I asked my doctor today for advice about losing weight. Big mistake. She launched into an explanation on only eating whole foods and eliminating all foods that aren’t healthy. When she criticized what I normally eat for breakfast (whole grain English muffin, peanut butter, and fruit), I realized that she approaches weight loss with an all-or-nothing attitude.
Yesterday, I talked to my therapist about emotional eating. She reminded me that an all-or-nothing approach never works psychologically and only sets me up for failure. My doctor and my therapist represent different paths. One path is a spring that leads to quick weight loss, but it will fail in the long term. The other path requires a slow walk.
For nine months, I did dialectical behavioral therapy (DBT), a cognitive behavioral treatment. I found a Kindle version of a DBT workbook for emotional eating. It is free with a Kindle Unlimited membership. I did several of the exercises. One of them required writing down my desire to change. I wrote, “I am ready to change. I am ready for new ways to cope with my feelings.”
Another exercise includes writing down acceptance statements and declarations. I wrote the following:
I accept that I use food to cope with my emotions and brain issues (ADHD). I accept that emotional eating has caused weight gain and health issues.
I take responsibility for emotional eating.
I want to overcome emotional eating.
I am willing to do the work to learn and use new coping techniques.
I will do whatever it takes to overcome this ineffective habit.
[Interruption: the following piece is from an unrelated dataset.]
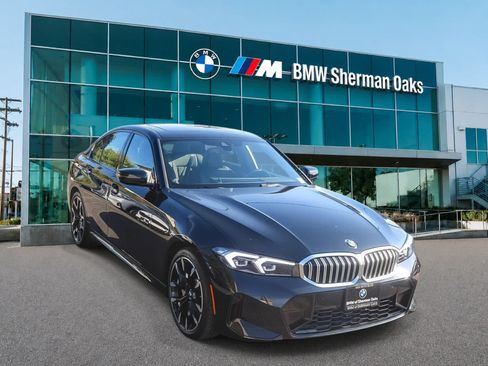 Used 2026 BMW 330i Sedan w/ M Sport Package RWD image 3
The workbook also suggested doing five minutes of deep breathing. By the time I read that section, I had already practiced deep breathing while tapping for five minutes. I wrote in my journal after that combining tapping and deep breathing “works wonders,” and it does. The chat with the doctor marked the third trigger I experienced in two days. I am feeling big emotions now, but I am calm.
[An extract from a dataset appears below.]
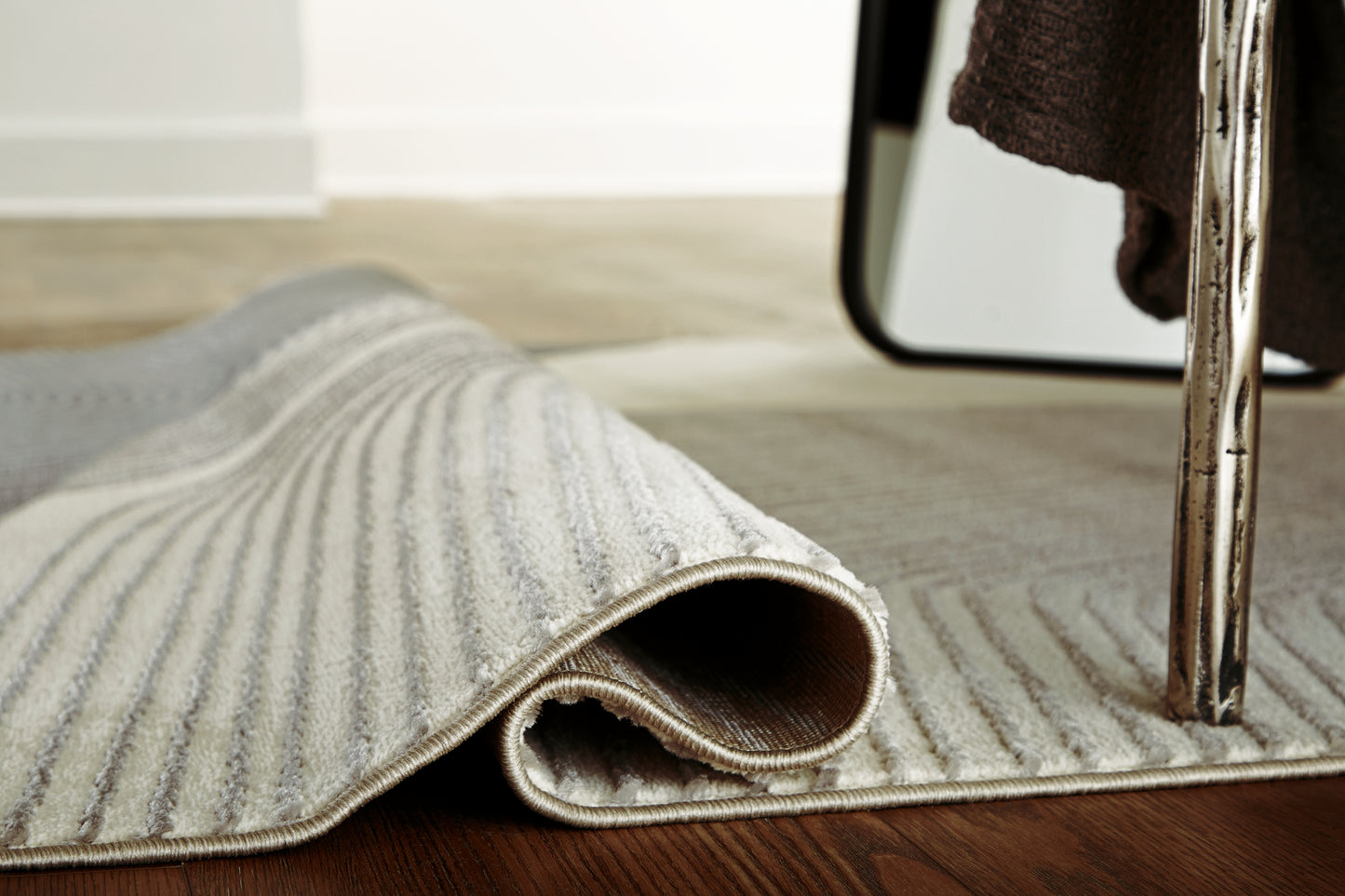 Ashley Express - Alfombra Winderburg mediana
There are three states of mind in DBT: wise mind, reasonable mind, and emotion mind. Wise mind is a balance between reasonable mind and emotion mind. In emotion mind, we operate in “moods, feelings, and urges to do or say things…facts, reason, and logic are not important.” However, in reasonable mind, we operate by “facts, reason, logic, and pragmatics.” When I reach for junk food at night after dinner, a habit that began in childhood, I am in emotion mind. All logic goes offline while I munch on cookies or Doritos.
I felt despondent about my eating habits last night until I started reading the workbook and doing the exercises. I gave myself hope by doing so, and hope is the engine that keeps us driving down the path of trauma recovery. Slowly, I will change my relationship with food.